= Work task =
Restate all the data word for word and omit the pictures.

= Information provided =
——

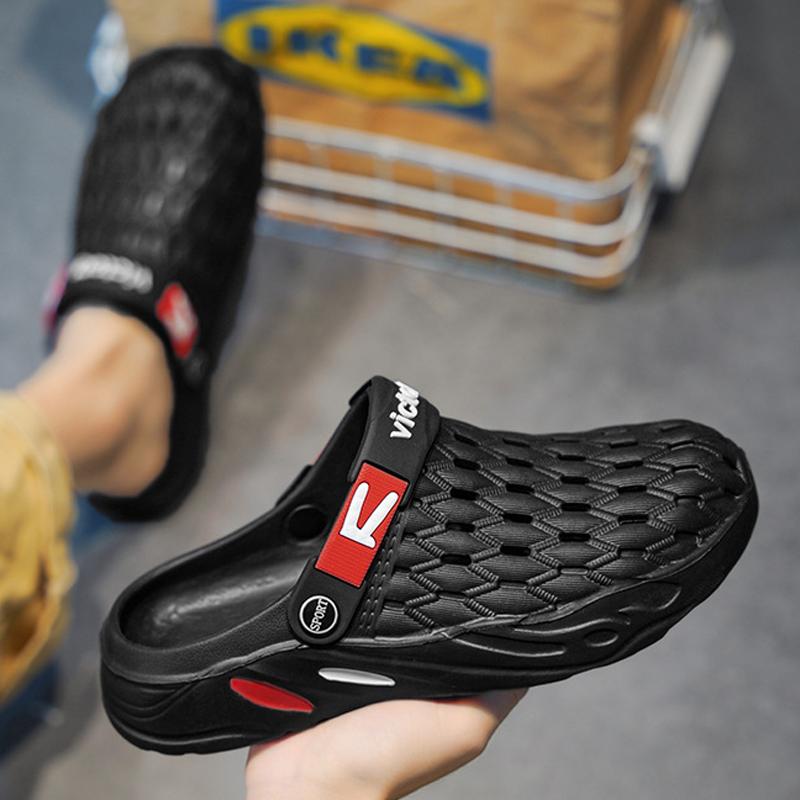 Comfortable Men Pool Sandals Summer Outdoor Beach Shoes Men Slip On Garden Clogs Casual Water Shower Slippers Unisex Zapatos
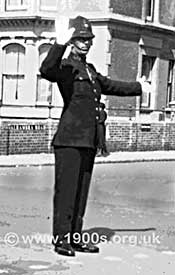 Policeman on point duty, c1940s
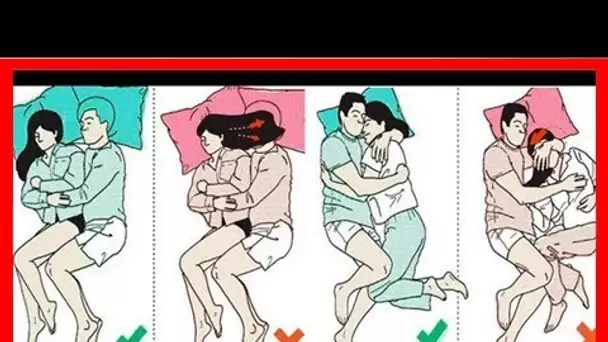 4 Positions pour mieux dormir en couple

——

= Solution =
 Comfortable Men Pool Sandals Summer Outdoor Beach Shoes Men Slip On Garden Clogs Casual Water Shower Slippers Unisex Zapatos
 Policeman on point duty, c1940s
 4 Positions pour mieux dormir en couple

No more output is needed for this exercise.